Dermot doesn’t entirely recognise his son; how can he stay quite so long in bed? And where is Laura? Eamonn doesn’t seem to know quite what to make of his father’s arrival. On the other hand his neighbours – pushy and domineering Roger and Cheryl, smug but disillusioned property developers Becca and Ian – see in Dermot a respite from themselves.
Swept up in the British expats’ ceaseless barbecuing and bickering, both father and son slowly discover the truth about each other and the family past. But at the same time they uncover a shocking, unacknowledged secret at the heart of this defiant but beleaguered community. (Viking, 2013)
Carla McKay, Daily Mail
“With her customary gentle wry humour O’Flynn paints a wonderfully depressing portrait of expat life with its desperate barbecue parties, bickering and whiffs of adulterous sex.”
Virginia Blackburn, The Daily Express
“Drowning themselves in alcohol and frying themselves at barbecues, matters go from bad to worse when they discover the development might have been built on the site of a mass grave dating from the horrors of Franco’s regime. No wonder the natives are so mad.Eamonn cannot sell up because no one will buy his apartment. Truly this is a story for our times.It takes a real talent to take circumstances such as these and turn them into a novel of such wisdom and charm but Catherine O’Flynn manages it.”

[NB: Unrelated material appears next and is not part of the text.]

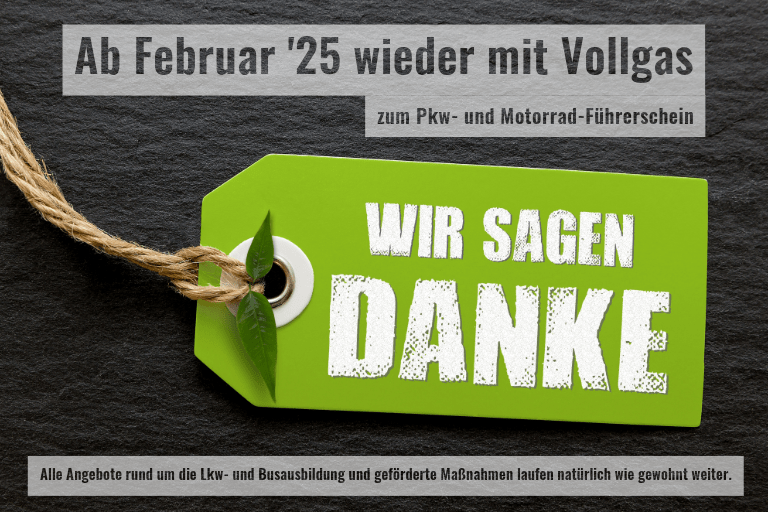 Ab Februar '25 wieder mit Vollgas zum Pkw- und Motorrad-Führerschein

Melissa Katsoulis, The Telegraph
“It’s a simple story but, thanks to a balance of humour and pathos, a delightful one. The dialogue is perfectly pitched, the characters cliché-free (some achievement, considering they are mostly that type of show-offy expat we think we know so well), and every description of a weed growing through damp concrete or the things Eamonn misses about England (“John Humphrys, Pudsey Bear, smug young men with beards”) gives O’Flynn’s writing vivacity.”
Kate Saunders, The Times
“O’Flynn writes with brilliant wit and warmth about people cast adrift in contemporary wildernesses, and the resolution between father and son is surprising and satisfying.”
Phil Baker, The Sunday Times
“Like Jonathan Coe, O’Flynn has a gift for catching recent social history in her fiction, and this is a cuttingly down-to-earth book about families, expats and the experience of being Irish in Britain in the 1970s.”
Hazel Sheffield, The Financial Times
“Of the myriad characters and subplots that circle Eamonn’s story, the plight of the illegal African immigrants, some of whom wash up dead on a nearby beach, is never fully explored. They are shadows hiding in derelict buildings, good only for spooking the snotty European residents. But when she gets to the details, O’Flynn writes terrifically about disappointment and denial, skipping easily between the present and moments in Eamonn and Dermot’s past that explain how they became who they are.”
Leyla Sanai, The Independent
“O’Flynn is good at mild comedy, humorously illustrating idiosyncrasies in her characters as Mark Haddon and Roddy Doyle do. But whereas Haddon moved on to explore more complex relationships and a less simple prose style in The Red House, Mr Lynch’s Holiday can still feel so slight as to border on the insubstantial.”